一部社員は、この契約の撤回を求める抗議活動を実施した。サービスの提供先にイスラエル軍が含まれているとの見方が浮上しているためだ。グーグルは提供先にイスラエル軍は含まれていないとするが、12日には米誌タイムがクラウドサービスの一部がイスラエル国防省に使用されている可能性があると報じた。

イスラエル軍とイスラム組織ハマスの戦闘は長期化し、パレスチナ自治区ガザでは多数のパレスチナ人が命を落としている。自社サービスがこうした戦闘行為に使用されることへの懸念から、グーグル社内は抗議活動が激しくなっている。

グーグルでは3月にも、ニューヨーク市で開いたイベントで、エンジニアが在イスラエル幹部の講演を遮る事態が起きた。

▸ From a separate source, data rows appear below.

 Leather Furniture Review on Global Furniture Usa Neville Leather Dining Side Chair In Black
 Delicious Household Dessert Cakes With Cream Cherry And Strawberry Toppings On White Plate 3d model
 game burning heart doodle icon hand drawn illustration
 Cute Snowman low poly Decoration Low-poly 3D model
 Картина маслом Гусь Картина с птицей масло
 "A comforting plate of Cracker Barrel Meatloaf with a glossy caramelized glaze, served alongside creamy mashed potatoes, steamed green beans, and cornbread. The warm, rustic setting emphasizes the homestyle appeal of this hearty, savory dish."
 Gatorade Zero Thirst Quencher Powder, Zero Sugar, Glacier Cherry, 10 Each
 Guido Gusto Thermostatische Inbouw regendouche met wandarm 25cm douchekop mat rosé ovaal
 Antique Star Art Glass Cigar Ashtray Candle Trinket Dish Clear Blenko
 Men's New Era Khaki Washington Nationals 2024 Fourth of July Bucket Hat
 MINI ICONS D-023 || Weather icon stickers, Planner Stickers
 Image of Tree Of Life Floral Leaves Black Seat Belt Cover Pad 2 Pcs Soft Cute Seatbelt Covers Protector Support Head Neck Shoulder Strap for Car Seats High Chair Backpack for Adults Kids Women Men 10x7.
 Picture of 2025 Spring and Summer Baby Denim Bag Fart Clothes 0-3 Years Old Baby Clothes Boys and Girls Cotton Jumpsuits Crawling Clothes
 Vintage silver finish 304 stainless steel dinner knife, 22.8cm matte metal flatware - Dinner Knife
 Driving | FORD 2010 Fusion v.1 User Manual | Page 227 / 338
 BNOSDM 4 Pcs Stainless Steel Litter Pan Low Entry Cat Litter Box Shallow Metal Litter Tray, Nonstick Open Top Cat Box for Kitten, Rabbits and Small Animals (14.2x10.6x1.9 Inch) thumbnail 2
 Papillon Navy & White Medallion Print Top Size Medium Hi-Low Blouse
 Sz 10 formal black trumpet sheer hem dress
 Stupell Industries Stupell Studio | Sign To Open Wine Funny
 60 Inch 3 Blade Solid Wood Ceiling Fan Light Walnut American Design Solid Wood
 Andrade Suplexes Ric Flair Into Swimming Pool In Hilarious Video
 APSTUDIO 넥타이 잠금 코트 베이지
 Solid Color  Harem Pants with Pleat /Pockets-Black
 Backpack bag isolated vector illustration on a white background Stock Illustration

米紙ニューヨーク・タイムズ(NYT)では、イスラエルとパレスチナの情勢を巡って社内の意見対立が深まっている。米紙ウォール・ストリート・ジャーナル(WSJ)は12日、NYTの一部の記者がハマスによる性暴力を取り上げた自社の記事を「過度に親イスラエル的である」と指摘し、経営陣との溝が深まっていると報じた。

米国では各地で反イスラエルのデモが起きている。15日には、米西部カリフォルニア州サンフランシスコ市の北側にかかるゴールデンゲートブリッジ(金門橋)がデモにより一時封鎖された。中西部イリノイ州シカゴ周辺でも同日、幹線道路で座り込みデモが起きた。

中東の紛争が街中だけでなく、企業においても今後、社内の抗議活動は激しくなる可能性がある。

米国では20年、白人警官による黒人男性の暴行死事件が起き、人種差別に抗議する「ブラック・ライブズ・マター(BLM=黒人の命は大切だ)」運動が広がった。この運動をうけ、社員から経営陣までがそれぞれ、自らの意見を述べる風土の大切さを認識した企業も多かった。

「開かれた議論」を大切にしてきたテック企業やメディアほど今回の局面で抗議活動や社内対立が激しくなっている傾向があり、対応に苦慮している。米メディアによると、グーグルは3月の幹部講演を遮ったエンジニアを後に解雇した。同社は、今回の座り込み活動に参加した社員に対しても処罰を検討しているという。